Daddy had
been hoping to come home from the hospital last Friday. The discharge staff at
Shands thought he needed a blood transfusion. His body didn’t react well. His
vitals dropped to frightening levels, he became disoriented and distraught. He
spent the next two days in intensive care.
In
retrospect, that was the day he gave up. There would be no further resistance
of Sister Death’s looming embrace.
Starry Skies Above an
Empty Home
When he
finally was released from the hospital Tuesday, he just wanted to go home.
And he got awfully
close.
Periodically
on the transport from Gainesville to Bushnell, he would awaken and ask my Sister where they were. “SR 326, just north of Ocala, Daddy.” “Good,” he would
respond.

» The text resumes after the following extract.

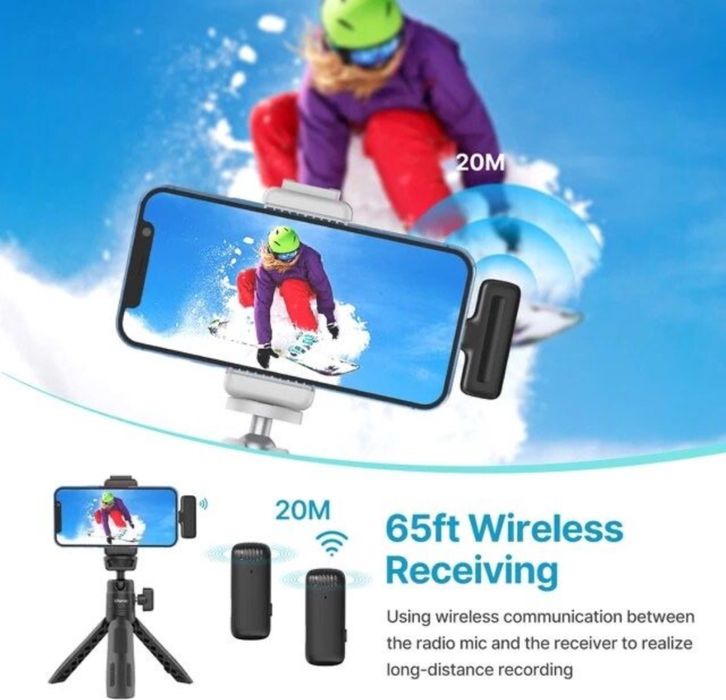 Безжичен микрофон. Брошка. Айфон. Андроид. Микрофон за телефон. влог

Later he whispered, “Are we to Belleview yet?” “Almost, Daddy.” “Good,
we’re almost there.”
But when the
transport arrived in Bushnell, it drove past his home to a facilty just a half
mile down the road, wedged between a Winn Dixie plaza and a rental storage
facility. Osprey Point had been willing to receive him in their rehabilitation
sector and Shands had agree to discharge him there. We had hoped this would be the
transition to get him home.
But it was
not to be.
Daddy had
made us promise we would not deposit him in an assisted living facility for his
final days. He didn’t want all of the inheritance he had so carefully crafted to
go to us to be eaten up by nursing home charges. More importantly, he did not
want to die in “one of those places.” He wanted to die at home.
After finally
getting Daddy into bed at the facility Tuesday night, I chose to spend the
night at our family home just up the road so I could check on him in the
morning before heading back to Orlando to teach my long day at Valencia.
As I got out
of my car, I instinctively looked up. The number of stars one can see in the woods,
particularly on a cool winter night, is amazing. The night sky always captivated
me as a child. I’ve almost forgottten what it looks like. It is one of the
things I miss most about living in a city.
I lived in our
family home for seven years before leaving for college and have stayed there
with my folks many times since. I readily slip back into my patterns of life
there, going to sleep to the nearby freight train, awakening to the sun pouring
through its eastern fronting windows. But this night the house I knew and loved
seemed different.
It was so
empty.
I kept
thinking I’d hear my Dad come stumbling around the corner to ask if I wanted
some cheese or an ice cream sandwich. “There are diet sodas in there if you
want one, Son” he’d say over the ominpresent hum of Fox on the television. But
all I heard that long night of broken sleep was the cracking and popping of 50
year old wooden floors and the periodic punctation of acorns falling on the tin
roof.
The vibrant life
energy that had surrounded my wonderful Daddy was just no longer there.
Time to Let Go
I brought him
some azaleas I picked from his yard this morning. They are just starting to
bloom. During my childhood we worked hard together at planting about 300
azaleas in our yard and each spring they are absolutely glorious. This year’s
display promises to be no exception.
He squinted
at the azaleas and a look of sadness crossed his face: “I want to go home,” he
said. “Daddy, we’re working at getting you there as quickly as we can.” “No,”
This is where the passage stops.